REQUIRED WORK: Transcribe the records word for word. Leave every picture out.

MATERIAL PROVIDED:
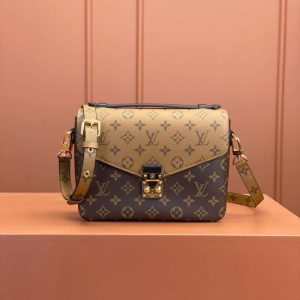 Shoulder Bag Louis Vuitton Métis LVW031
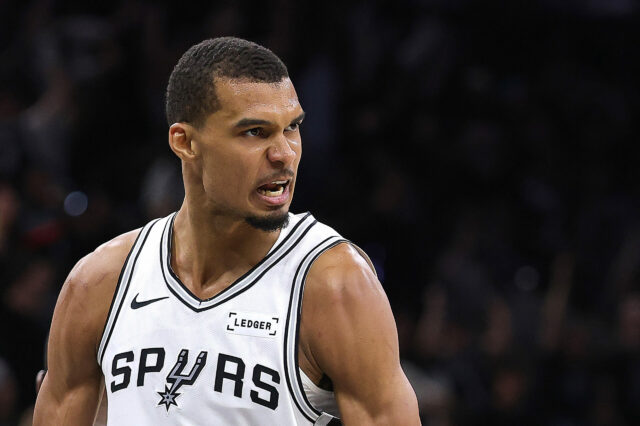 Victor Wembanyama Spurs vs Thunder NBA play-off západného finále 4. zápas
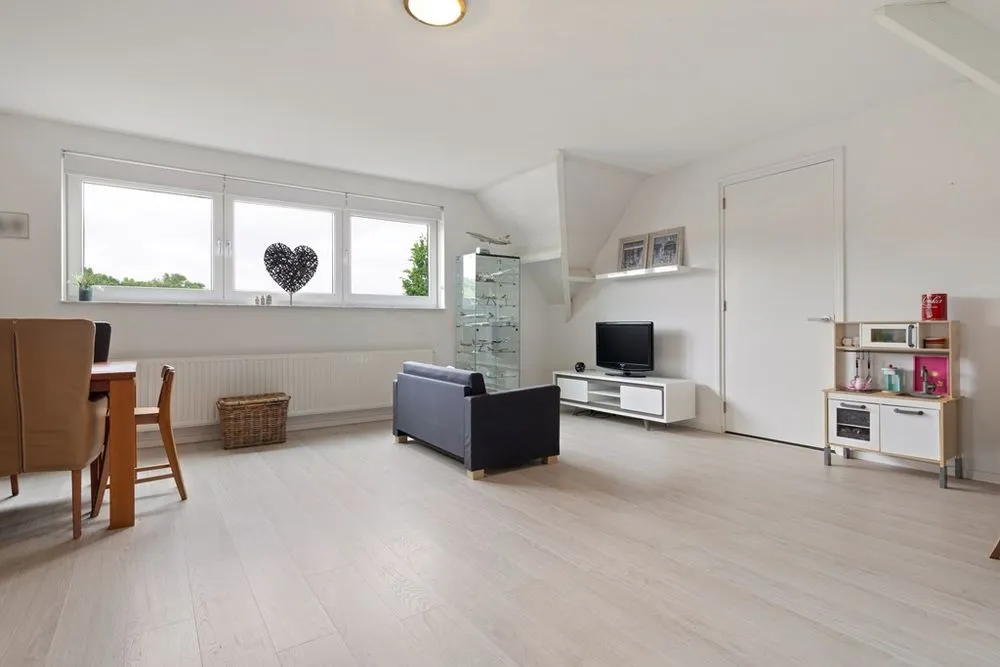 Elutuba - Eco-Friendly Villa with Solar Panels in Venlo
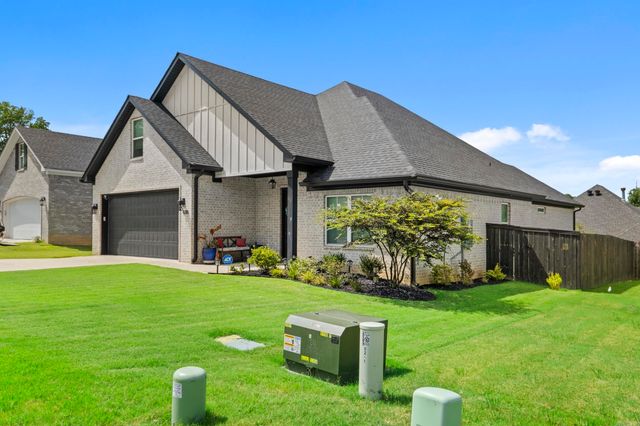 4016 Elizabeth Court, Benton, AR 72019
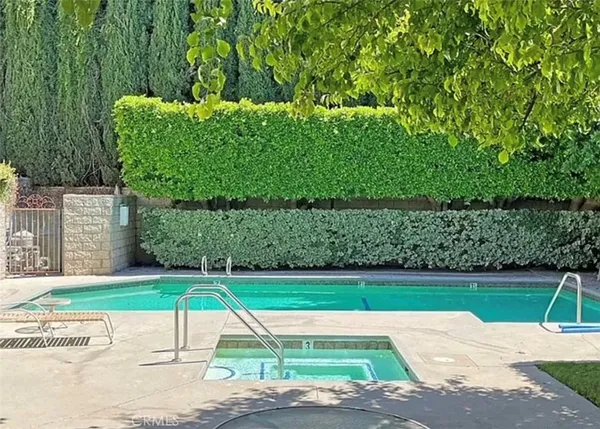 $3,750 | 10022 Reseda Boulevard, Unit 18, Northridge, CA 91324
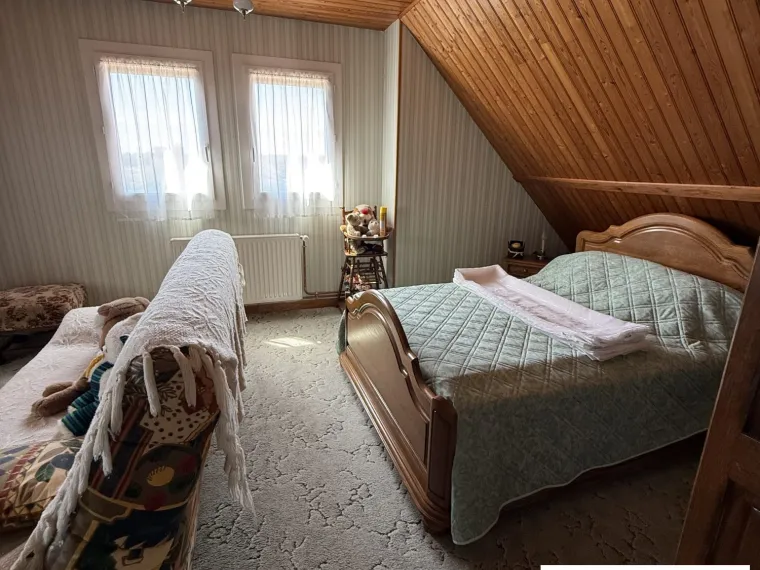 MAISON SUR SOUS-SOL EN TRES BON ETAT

COMPLETED TASK:
 Shoulder Bag Louis Vuitton Métis LVW031
 Victor Wembanyama Spurs vs Thunder NBA play-off západného finále 4. zápas
 Elutuba - Eco-Friendly Villa with Solar Panels in Venlo
 4016 Elizabeth Court, Benton, AR 72019
 $3,750 | 10022 Reseda Boulevard, Unit 18, Northridge, CA 91324
 MAISON SUR SOUS-SOL EN TRES BON ETAT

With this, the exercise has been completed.